この投信の運用担当者は2006年から継続して担当。運用担当者を含めたチームは計10人で全員が調査担当と投資判断の業務を兼ねる。多くの運用会社の調査は業種別など分担制だが、ザ・ジャパンは担当分野を決めずに年に計2500件程度を自由に企業取材。各自が広い対象の中から相対的に魅力度の高いテーマを選び組み入れる。

 ただし好成績が評判になって投資家の資金が急に流れ込み、昨年4月には純資産(投信の規模)が急拡大した(前ページのグラフB参照)。5月以降の成績はこの投信では珍しく、市場平均を若干だが下回った。
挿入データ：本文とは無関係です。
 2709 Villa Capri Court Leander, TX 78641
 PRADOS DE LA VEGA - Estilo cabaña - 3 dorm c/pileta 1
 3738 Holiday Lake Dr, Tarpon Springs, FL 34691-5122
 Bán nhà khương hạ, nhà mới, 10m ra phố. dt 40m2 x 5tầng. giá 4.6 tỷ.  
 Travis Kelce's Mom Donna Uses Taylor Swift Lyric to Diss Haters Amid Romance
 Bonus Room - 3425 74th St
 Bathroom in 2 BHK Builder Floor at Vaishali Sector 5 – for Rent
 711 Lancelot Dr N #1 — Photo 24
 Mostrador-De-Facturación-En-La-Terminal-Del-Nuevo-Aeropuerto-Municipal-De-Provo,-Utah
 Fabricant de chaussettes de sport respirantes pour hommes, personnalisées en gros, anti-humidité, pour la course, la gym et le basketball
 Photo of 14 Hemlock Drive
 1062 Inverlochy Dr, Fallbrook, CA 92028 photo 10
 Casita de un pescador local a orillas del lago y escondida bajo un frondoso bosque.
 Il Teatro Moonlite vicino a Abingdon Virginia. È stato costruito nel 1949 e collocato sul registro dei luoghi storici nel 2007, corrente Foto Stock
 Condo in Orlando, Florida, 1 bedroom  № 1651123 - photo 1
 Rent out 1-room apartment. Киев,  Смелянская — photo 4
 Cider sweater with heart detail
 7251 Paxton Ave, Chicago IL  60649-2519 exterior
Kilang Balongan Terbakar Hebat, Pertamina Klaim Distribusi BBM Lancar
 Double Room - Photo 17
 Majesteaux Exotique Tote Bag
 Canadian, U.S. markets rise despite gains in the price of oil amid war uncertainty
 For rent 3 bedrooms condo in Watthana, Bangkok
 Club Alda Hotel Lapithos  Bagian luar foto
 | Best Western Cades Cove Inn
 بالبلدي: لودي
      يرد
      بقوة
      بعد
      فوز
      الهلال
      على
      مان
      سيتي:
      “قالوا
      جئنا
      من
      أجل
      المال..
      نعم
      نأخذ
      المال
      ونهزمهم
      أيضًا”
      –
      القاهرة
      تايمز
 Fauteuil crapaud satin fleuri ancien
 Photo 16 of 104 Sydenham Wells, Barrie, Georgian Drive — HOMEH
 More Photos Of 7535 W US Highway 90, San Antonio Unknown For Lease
「独自の銘柄を選んで勝つスタイルが、規模の拡大で難しくなったのでは」との心配も一部で聞かれる。好成績だったいくつかの投信が、規模の拡大後に成績が鈍化することは過去にもよく見られた。規模が大きくなると、運用担当者がいいと思う銘柄だけで全体を構成することが難しくなり、いい銘柄の比率が薄まってしまいがちになるからだ。

 ただしザ・ジャパンの運用担当者は「多く組み入れた銘柄が昨年春まで大きく上がった反動で一服したことが、成績が一時伸び悩んだ要因だった。今はまだ運用がやりにくくなるほど極端に大きな規模とは言えない」と答える。規模拡大後も好調を維持できるかどうか注目の時期だ。

運用担当者が長期に担当し続けるメリット

 やはり「ファンド・オブ・ザ・ディケード」に選ばれた日本株の「ライジング・サン」は、規模の小さな小型株が対象だ。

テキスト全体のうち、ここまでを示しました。